NVIDIA Releases Nemotron-Labs-TwoTower: an Open-Weight Diffusion Language Model Built on a Frozen Autoregressive Nemotron-3-Nano-30B-A3B Backbone
English summary
NVIDIA released Nemotron-Labs-TwoTower under open weights, a discrete diffusion language model that uses a frozen autoregressive context tower (Nemotron-3-Nano-30B-A3B) and a separately trained denoiser tower. The model retains 98.7% of the AR baseline's aggregate benchmark quality while delivering 2.42× higher wall-clock generation throughput (γ=0.8, block size 16 on 2×H100). The denoiser was trained on ~2.1T tokens, only a fraction of the backbone’s 25T-token pretraining. A single checkpoint provides three generation modes: full mask diffusion, mock-AR, and standard AR decoding. The two-tower architecture uses layer-aligned cross-attention and Mamba-2 state seeding to preserve context representation across diffusion steps.
Chinese summary
NVIDIA 以开放权重发布了 Nemotron-Labs-TwoTower,一个离散扩散语言模型。它采用冻结的自回归上下文塔(基于 Nemotron-3-Nano-30B-A3B)和单独训练的去噪塔。该模型保留了 AR 基线 98.7% 的综合基准质量,同时实现了 2.42 倍的生成吞吐量(γ=0.8,块大小 16,2×H100)。去噪塔在约 2.1T 个 token 上训练,远少于骨干的 25T。单一检查点支持三种生成模式:全量掩码扩散、模拟 AR 和标准 AR 解码。双塔架构通过逐层交叉注意力和 Mamba-2 状态播种,在扩散步骤间保持上下文表示的一致性。
Key points
Open-weight release under NVIDIA Nemotron Open Model License.
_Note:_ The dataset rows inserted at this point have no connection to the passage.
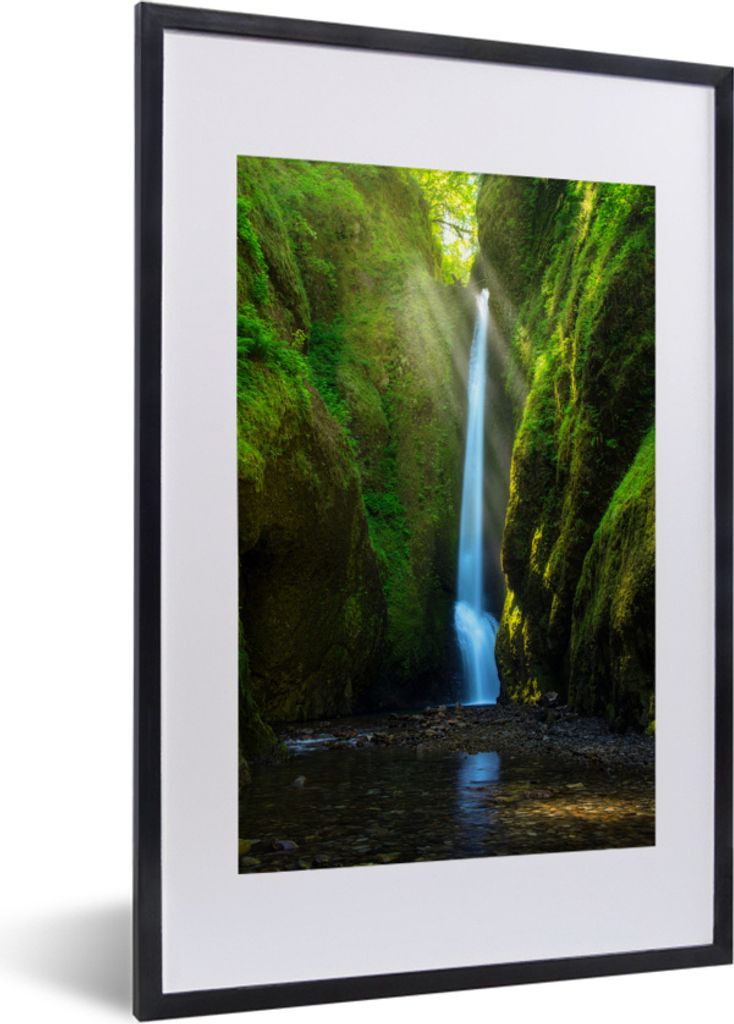 MuchoWow MuchoWow Gerahmtes Poster Wasserfall - Sonne - Grün 40x60 cm - Poster mit zchwarzem Bilderrahmen - Poster in Rahmen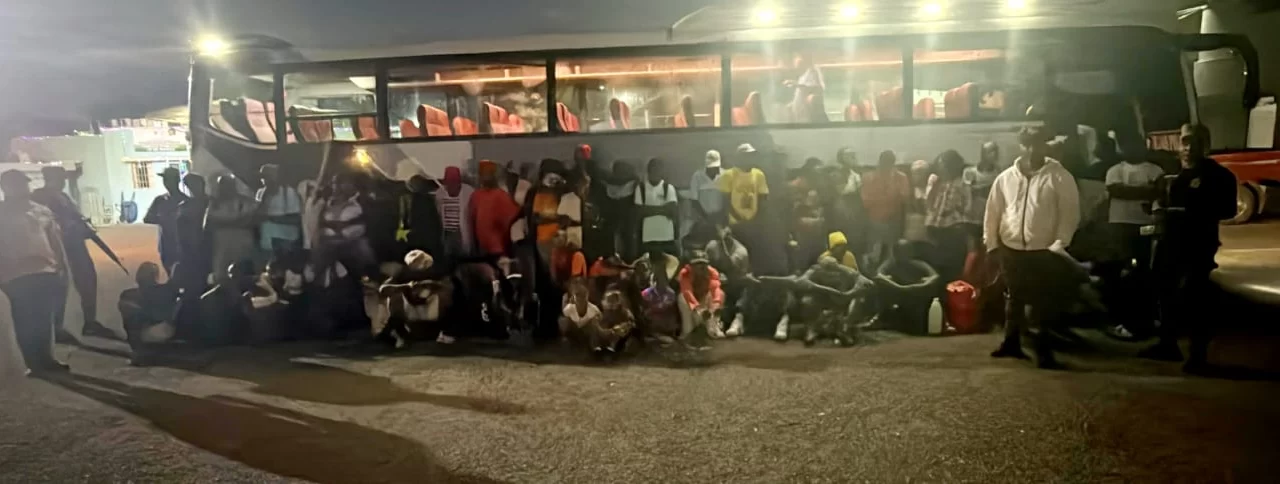 Detenida red dominicana que traficaba con haitianos indocumentados en el sur del país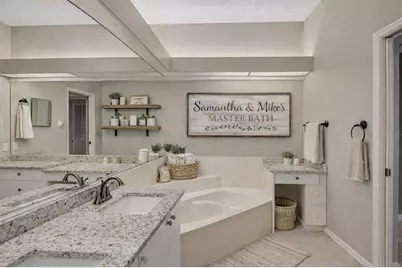 7146 Lakeside Drive, Sarasota, FL 34243 - Photo 26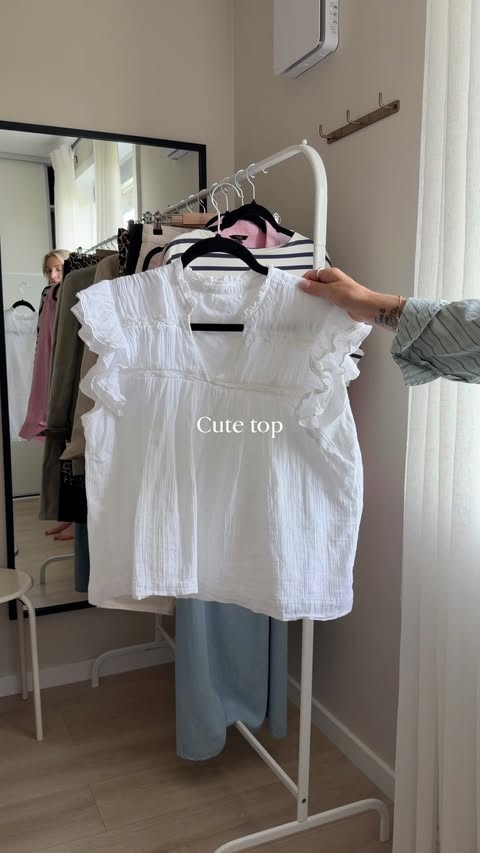 Instagram post by @useless_dk for LILYSILK. Caption reads: [...] ✨⁠ ⁠ [Advert/gifted items featured:....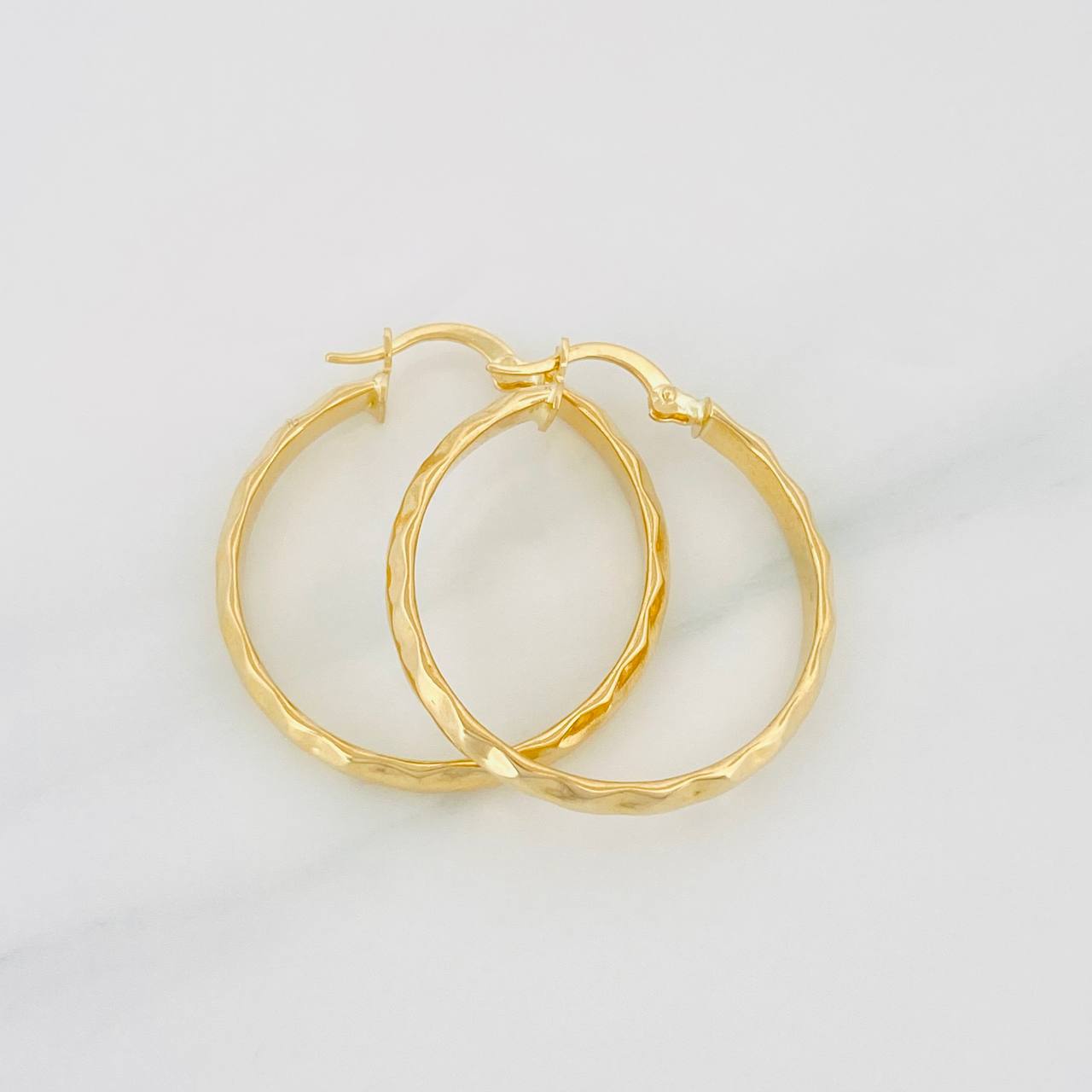 Candongas Lary 2.95g / 1 1/4 in Oro Amarillo 18K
以 NVIDIA Nemotron 开放模型许可证发布开放权重。
Two-tower design: frozen AR context tower + trained denoiser tower, built on Nemotron-3-Nano-30B-A3B backbone (Mamba-2, self-attention, MoE layers).
双塔设计:冻结的自回归上下文塔 + 训练好的去噪塔,基于 Nemotron-3-Nano-30B-A3B 骨干(Mamba-2、自注意力、MoE 层)。
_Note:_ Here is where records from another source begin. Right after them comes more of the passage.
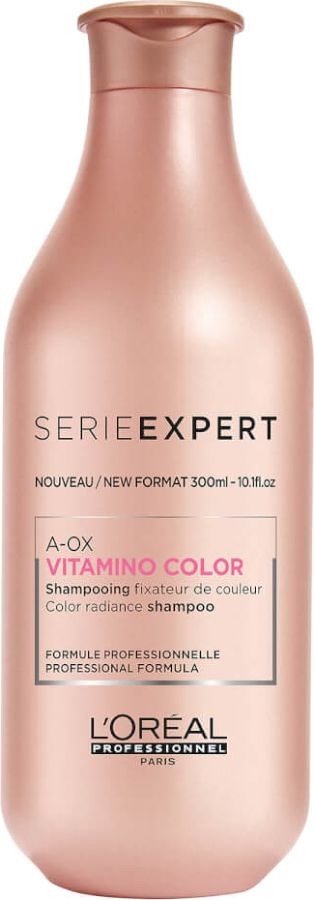LOreal Professionnel Expert Vitamino Color AOX Shampoo Шампунь-фиксатор цвета для окрашенных волос, 300 млE2256700 LOreal Professionnel Expert Vitamino Color AOX Shampoo Шампунь-фиксатор цвета для окрашенных волос, 300 млE2256700Особое признание среди дам с окрашенными локонами заслужила эффективная формула L`Oreal Professionnel Vitamino Color A-OX Shampoo, отвечающая за сохранение цвета. Ее активные компоненты обволакивают каждый волосок особой пленочкой, которая будет защищать шевелюру от разнообразных повреждений.Объем: 300 мл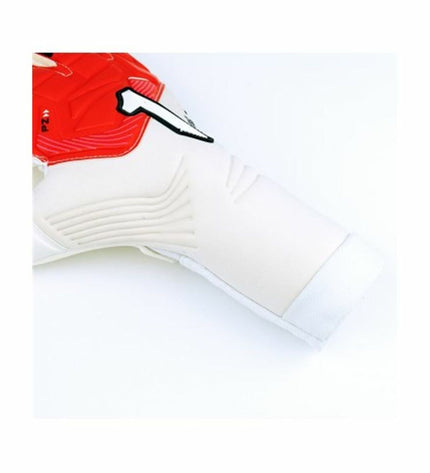 Red Rinat Keeperhandschoenen Nkam Prime for adults, designed for soccer goalkeeping and outdoor sports.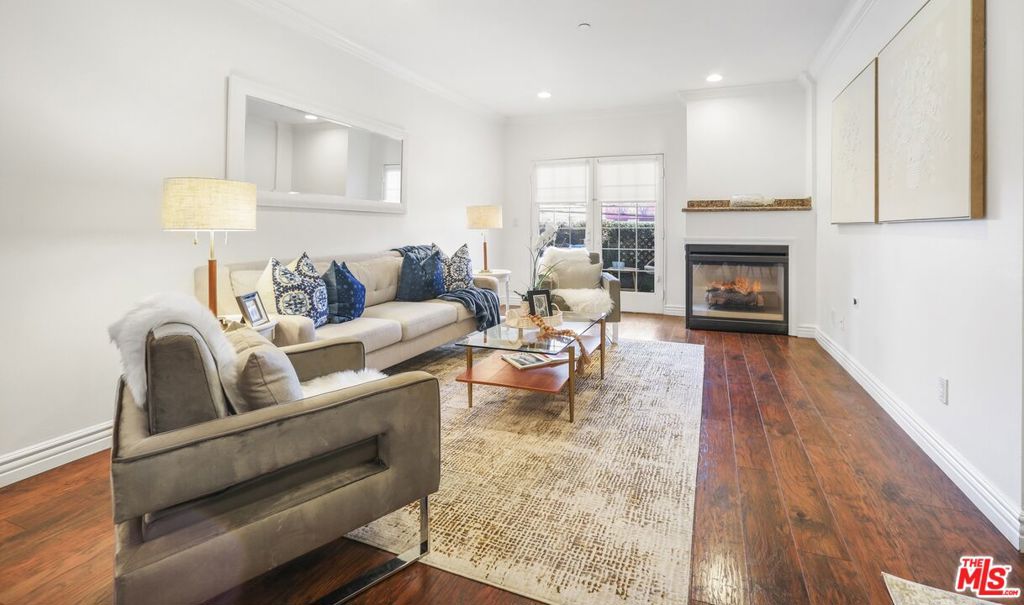 1135 Rexford Drive 302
Retains 98.7% of AR baseline aggregate benchmark quality at 2.42× generation throughput (γ=0.8, S=16, 2×H100).
在 2.42 倍生成吞吐量下(γ=0.8,块大小 16,2×H100),保留了 AR 基线 98.7% 的综合基准质量。
Denoiser trained on ~2.1T tokens; backbone pretrained on 25T tokens.
去噪塔在约 2.1T tokens 上训练,骨干在 25T tokens 上预训练。
Single checkpoint supports three inference modes: diffusion, mock-AR, and standard AR decoding.
单一检查点支持三种推理模式:扩散、模拟 AR 和标准 AR 解码。
Layer-aligned cross-attention and Mamba-2 state seeding connect the towers; total ~60B parameters (~3B active per token per tower).
通过逐层交叉注意力和 Mamba-2 状态播种连接双塔;总参数约 60B(每个 token 每塔激活约 3B)。